What did you learn about the SEC that you didn’t know before?
My finance training helped me to understand the general market, but the SEC focuses on government policy making by creating a setting sound regulatory environment for business to thrive in the U.S. economy.
Tell me about a typical day on the job while at the SEC.
There were always multiple projects going on with different agendas, timelines and deadlines to meet. We worked in a groups that consisted of several economists who worked alongside attorneys and other enforcement in order to discipline some bad behavior from a firm or individual.
You said before you went that you would be “involved with rulemaking, with a focus on preventing future financial crises and the influence of new technologies.” How did you do this?
Due to the innovation of technology, the landscape of trading of security markets is very different. There are 10-20 high frequency trading firms that dominate the markets now. They have a lot of influence. They facilitate efficient market trading, but can cause disruption in and out of market. There are also traditional traders that don’t have resources, facilities or technology to compete so it’s all about regulation.
What is something about the SEC that someone working in finance or economics might not know?
Because we work with attorneys, we do a lot with litigation and rule. Economists are trained on economic reasoning so we are able to provide support for attorneys to write rule for regulations and sound economic analysis to support legislation good regulation that the SEC considers to introduce to the market.
What can real world applications like this teach you that finance or economics books can’t?
Perhaps that books are traditionally focused on the discipline itself. But working in the SEC is about applying that discipline into decision making process. It involves various expertise, not just economics.
How do you plan on translating what you learned to lessons for your students?
Because I teach classes on investing, I can show them how asset values are determined, the risk and return of trade offs, and to make good portfolio decisions. I can explain the SEC from regulatory point of view, so they know how their policy influences how the investor can invest in financial market.”

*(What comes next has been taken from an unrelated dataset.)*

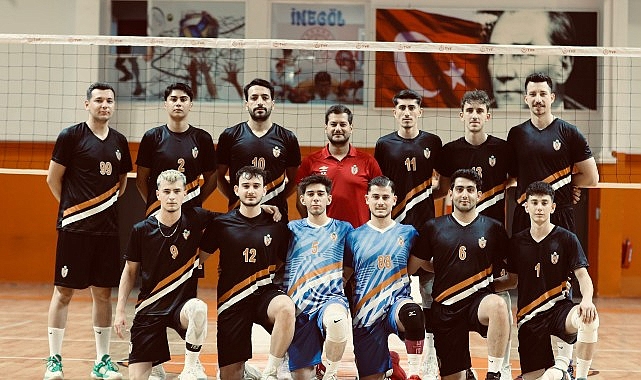 İnegöl Belediyespor Erkek Voleybolu 2. Ligde 9. Sırada Sezonu Tamamladı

What was the most important thing you learned in regards to the future of high frequency trading?
In a normal day or time they provide a lot of liquidity to the market, which is a good thing, but during crisis and stressful times, there is a risk that the high frequency firms may cause unnecessary disruption in the market. So what would be a good balance, through an SEC point of view, would be to provide a system or environment that high frequency traders can continue to provide positive contribution, while minimizing the risk or negative impact during the crisis time.
Do you have any concerns about the future of trading or the way the SEC does business?

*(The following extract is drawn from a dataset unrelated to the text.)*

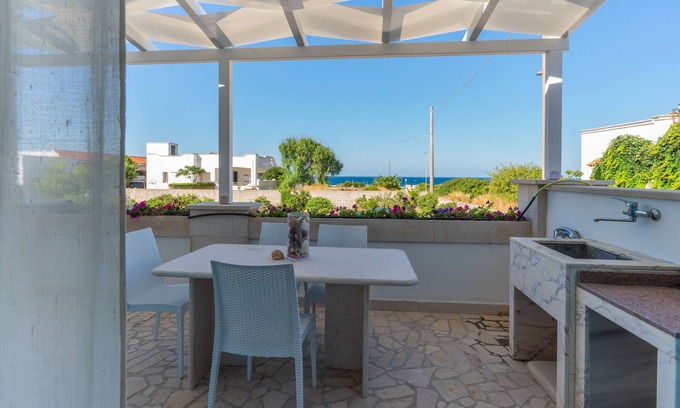 Torre San Giovanni House | Lovely MONOLOCALE sea view very close to the sea with wi-fi in quiet area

I’m very optimistic about the SEC in general and the role they play in the U.S. market. They play an extremely important role in the well-functioning financial market in the world because they set up good system. Other countries come to the SEC to see how we govern and regulate our markets. They are also optimistic and I have confidence in the ability of people there to do the work to fulfill their mission that I mentioned earlier.
What advice do you have for students who are trying to get involved in this type of trading?
I would certainly advise them to familiarize themselves with the current regulatory landscape so they are able to operate by understanding current and ongoing developments in the market, how to be consistent with what the SEC wants and also learn what not do.